● EXERCISE DIRECTIONS
For this task, output every entry below exactly and omit the pictures.

RECORDED INFORMATION Block Start

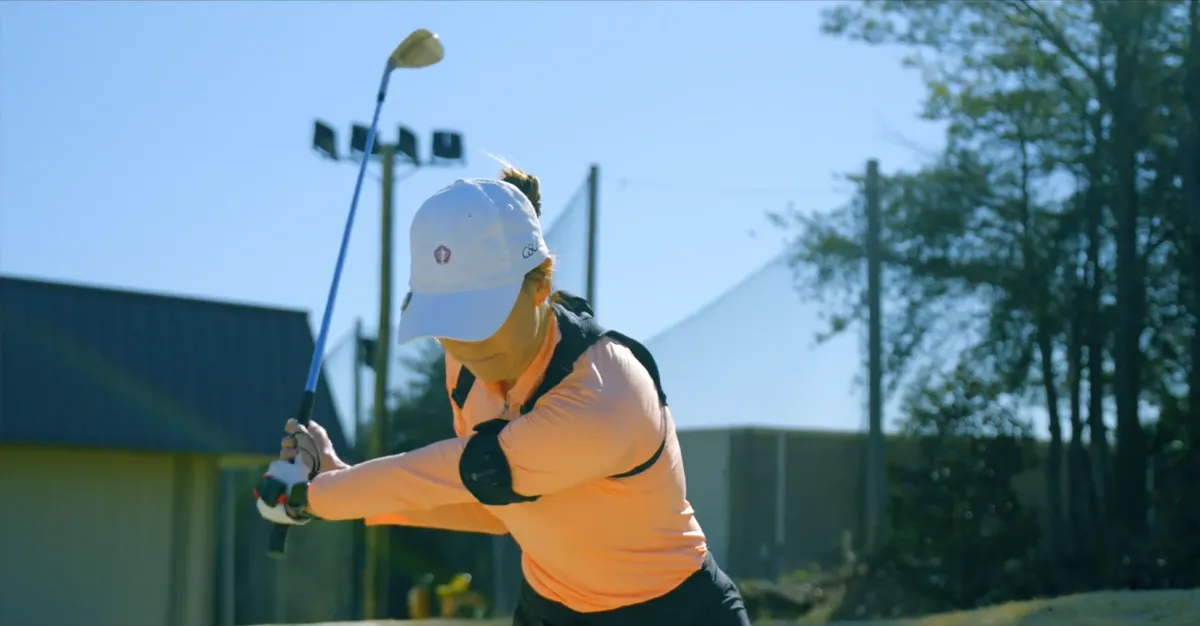 Golfer at the top of the follow-through on the range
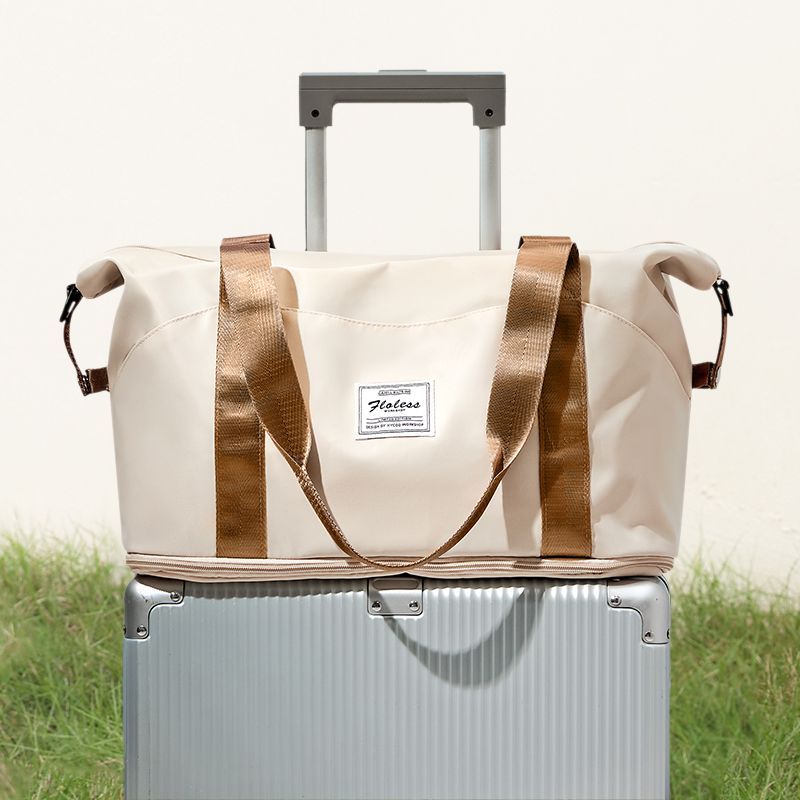 手提旅行收纳袋大容量耐用女轻便行李袋登机包可套拉杆箱健身包
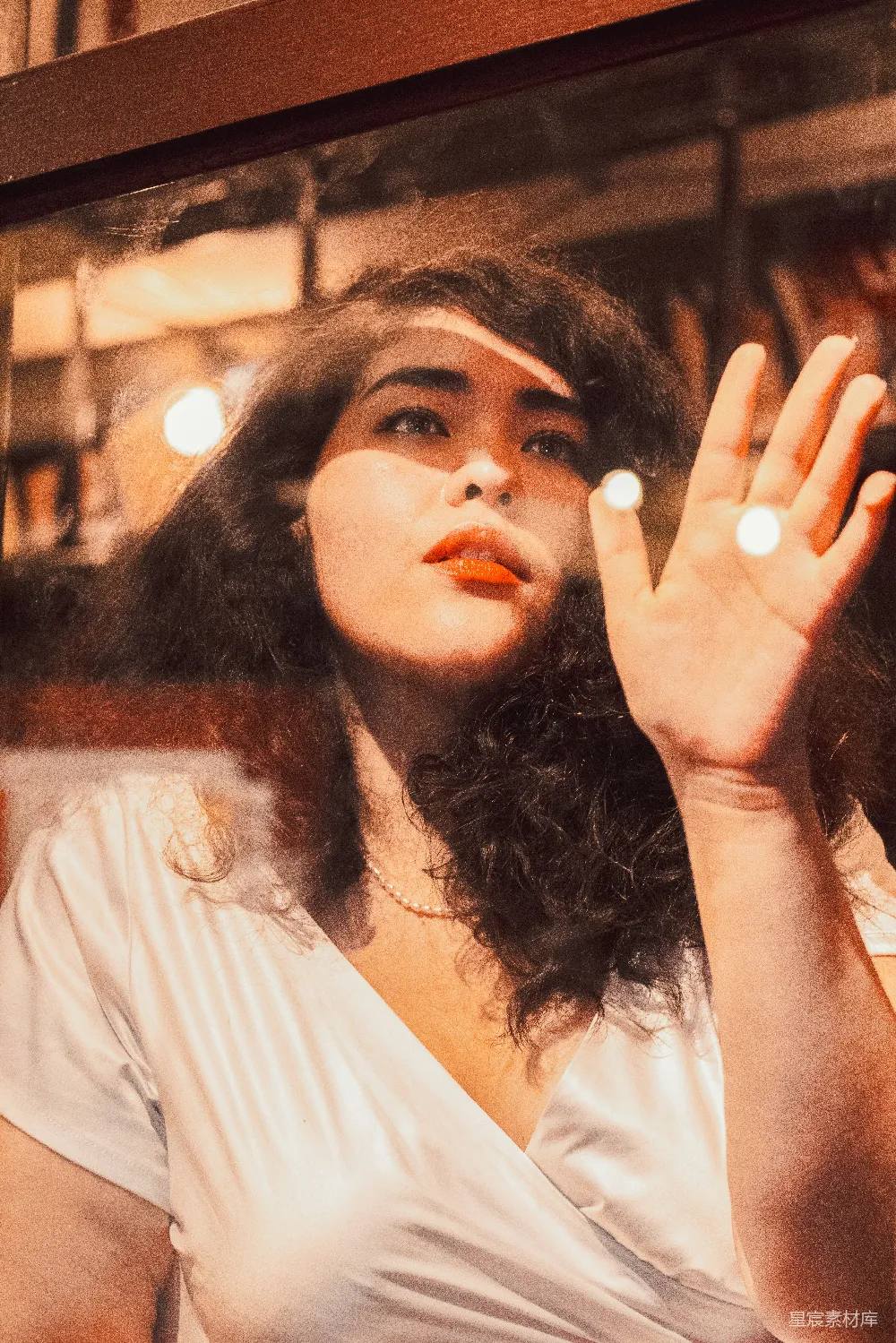 高清摄影 一个穿着白色上衣的妇女举着手臂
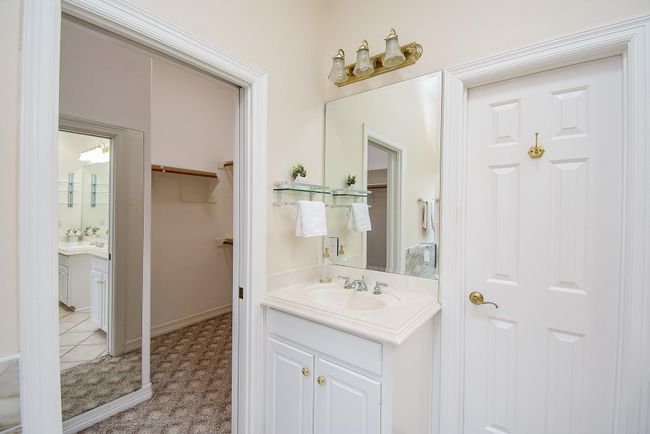 This photo shows a bathroom with a single sink vanity, a large mirror, and a three-light fixture above. There are white cabinets and a door leading to another room. The space is bright and clean, with neutral tones. | Image 30
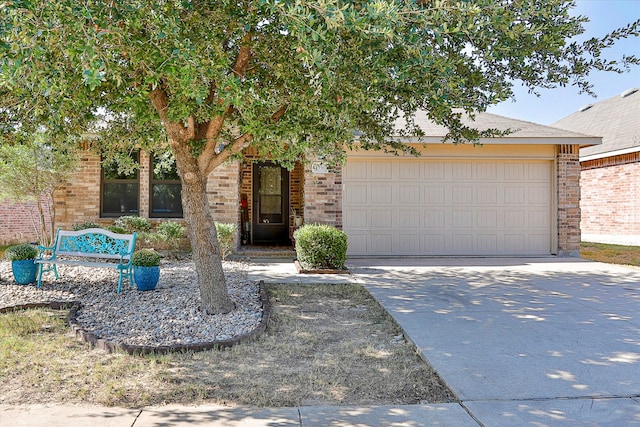 obstructed view of property with a garage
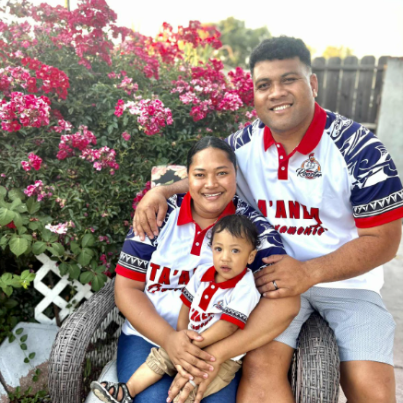 A family of three wearing matching red, white, and blue tops. A small child in the middle is being held by a woman. A man is to the right holding the woman.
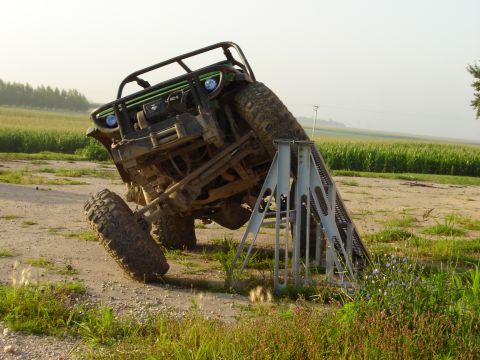 1992 Ford Bronco - An off-road vehicle is stuck on a metal ramp in a field with corn in the background.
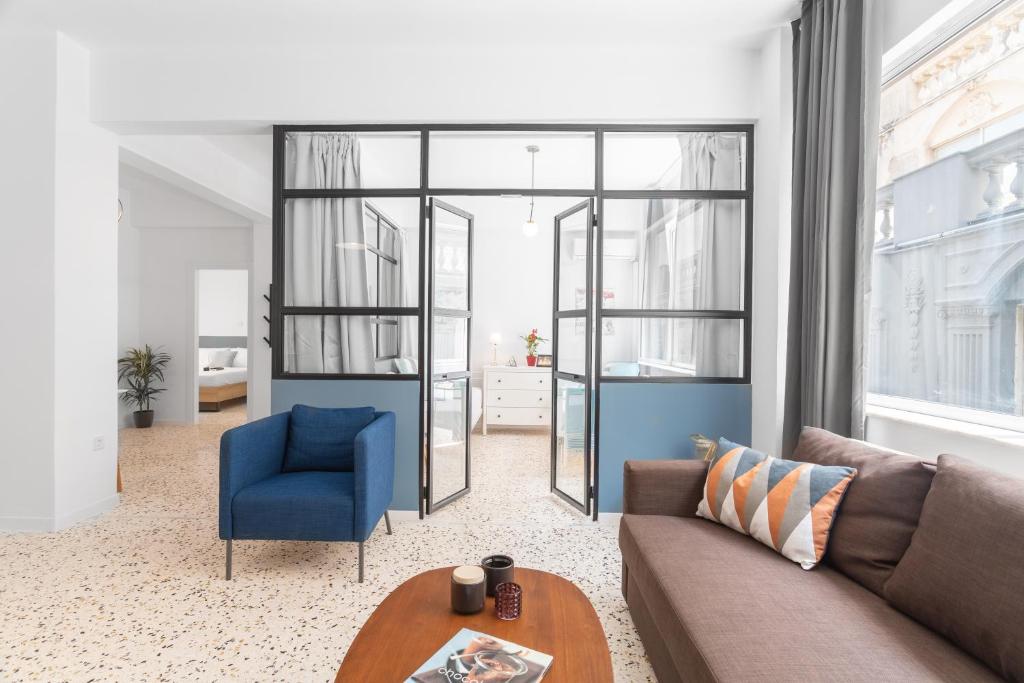 ein Wohnzimmer mit einem Sofa und einem blauen Stuhl in der Unterkunft Downtown Boutique Apartments Acropolis View in Athen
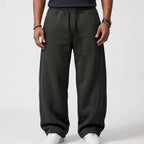 Dark Grey apparel on an off-gray studio background - 2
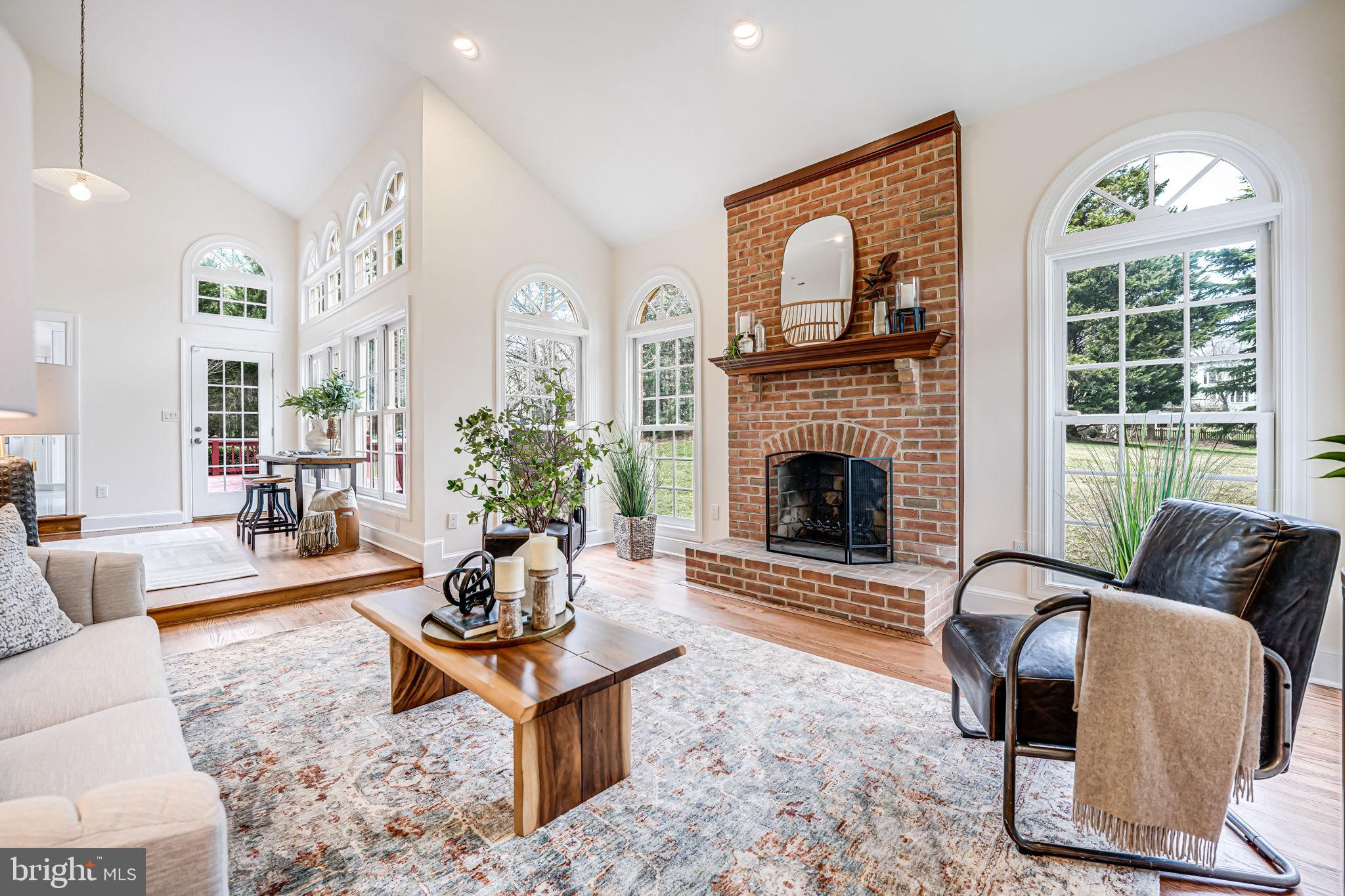 10800 Tradewind Drive Oakton, VA 22124 - Photo 15 of 77 a living room with furniture fireplace and window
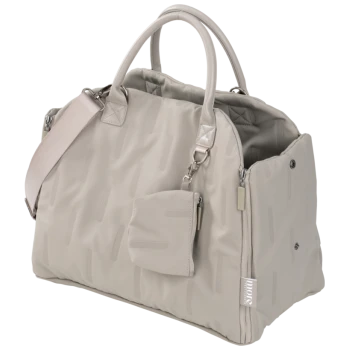 Beige zachte draagtas voor huisdieren met handvatten, schouderriem, voorvak en een "more" label aan de zijkant.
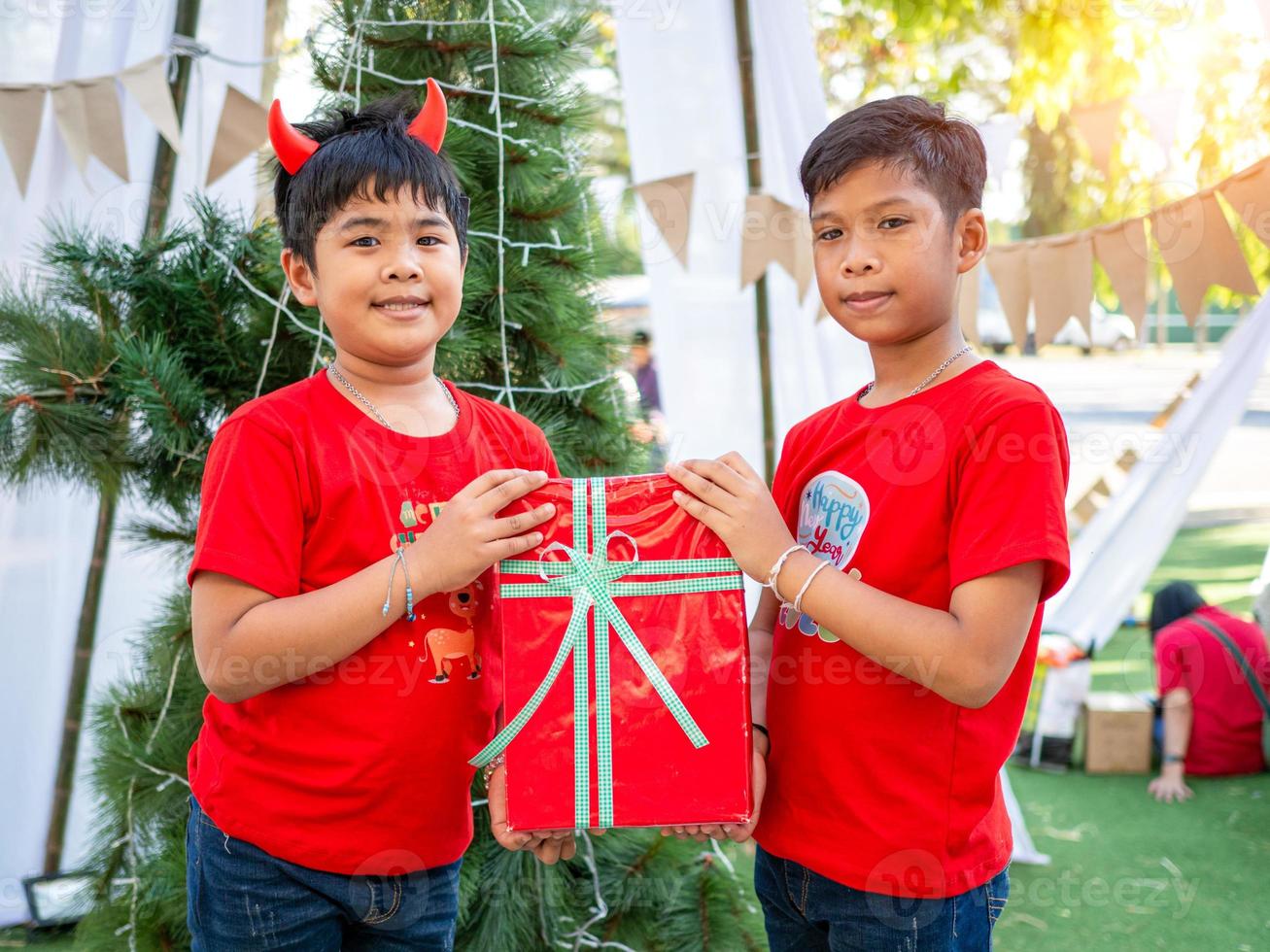 Boy holding presents on Christmas celebration.Christmas festival. photo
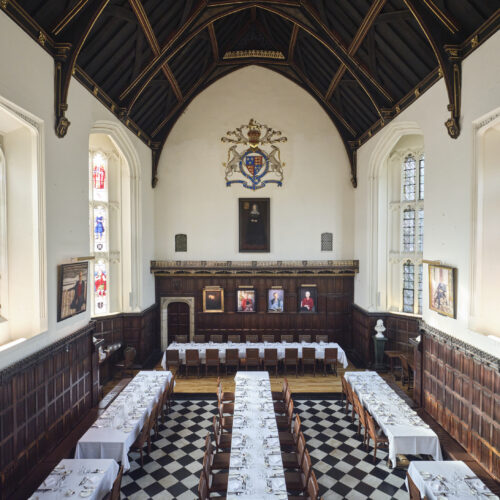 Christ's College Dining Hall with the sunshine shining through the stained glass windows.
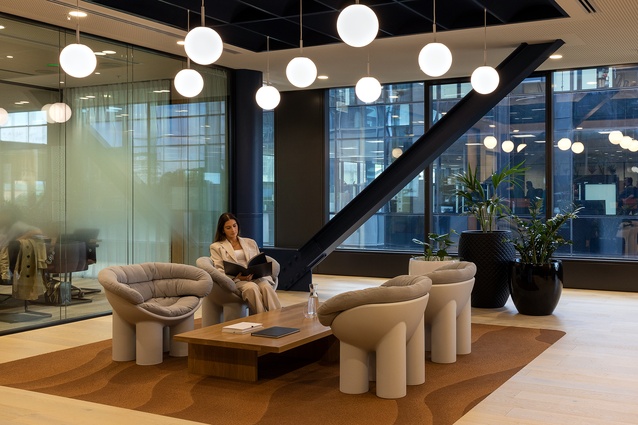 The ceiling system in Dentons’ reception area  enabled the designers to accommodate a high level of bespoke detailing.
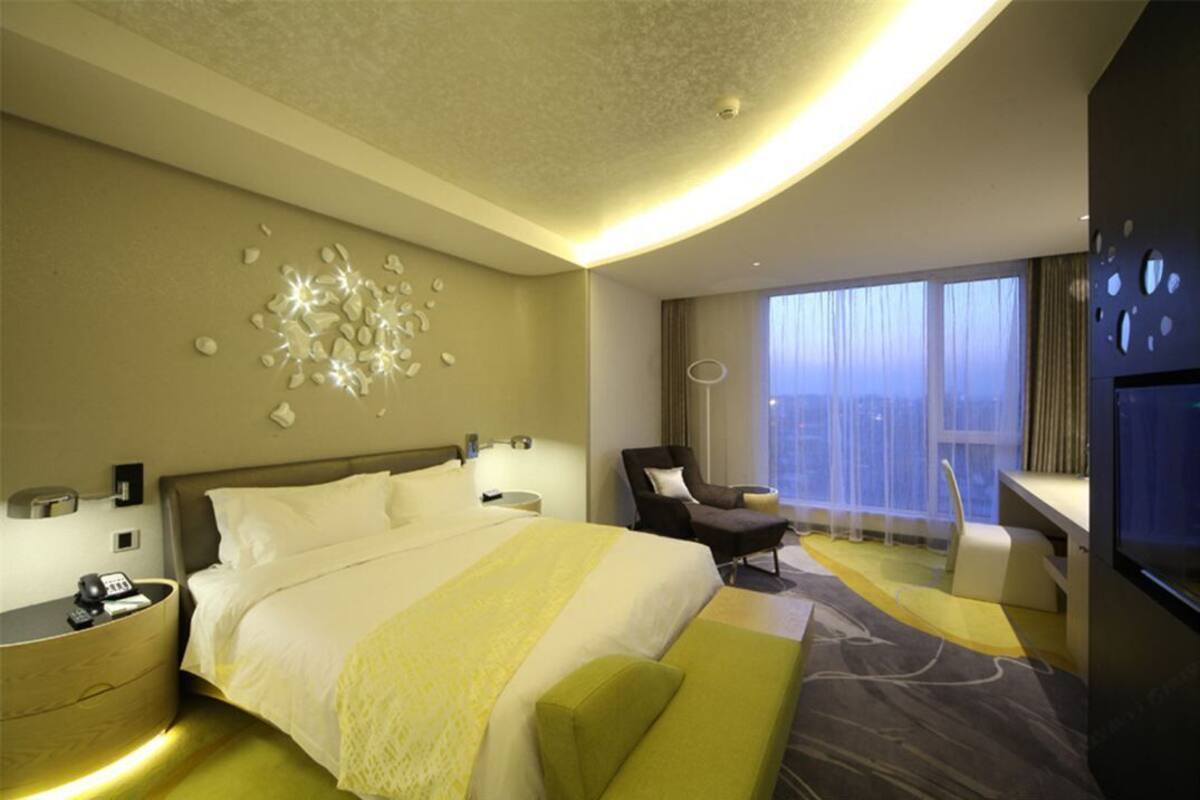Une chambre d’hôtel moderne dotée d’un grand lit, d’un coin salon, d’un bureau et offrant une vue sur la ville grâce à de grandes fenêtres.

RECORDED INFORMATION Block End

● RESULT OF THE TASK
 Golfer at the top of the follow-through on the range
 手提旅行收纳袋大容量耐用女轻便行李袋登机包可套拉杆箱健身包
 高清摄影 一个穿着白色上衣的妇女举着手臂
 This photo shows a bathroom with a single sink vanity, a large mirror, and a three-light fixture above. There are white cabinets and a door leading to another room. The space is bright and clean, with neutral tones. | Image 30
 obstructed view of property with a garage
 A family of three wearing matching red, white, and blue tops. A small child in the middle is being held by a woman. A man is to the right holding the woman.
 1992 Ford Bronco - An off-road vehicle is stuck on a metal ramp in a field with corn in the background.
 ein Wohnzimmer mit einem Sofa und einem blauen Stuhl in der Unterkunft Downtown Boutique Apartments Acropolis View in Athen
 Dark Grey apparel on an off-gray studio background - 2
 10800 Tradewind Drive Oakton, VA 22124 - Photo 15 of 77 a living room with furniture fireplace and window
 Beige zachte draagtas voor huisdieren met handvatten, schouderriem, voorvak en een "more" label aan de zijkant.
 Boy holding presents on Christmas celebration.Christmas festival. photo
 Christ's College Dining Hall with the sunshine shining through the stained glass windows.
 The ceiling system in Dentons’ reception area  enabled the designers to accommodate a high level of bespoke detailing.
Une chambre d’hôtel moderne dotée d’un grand lit, d’un coin salon, d’un bureau et offrant une vue sur la ville grâce à de grandes fenêtres.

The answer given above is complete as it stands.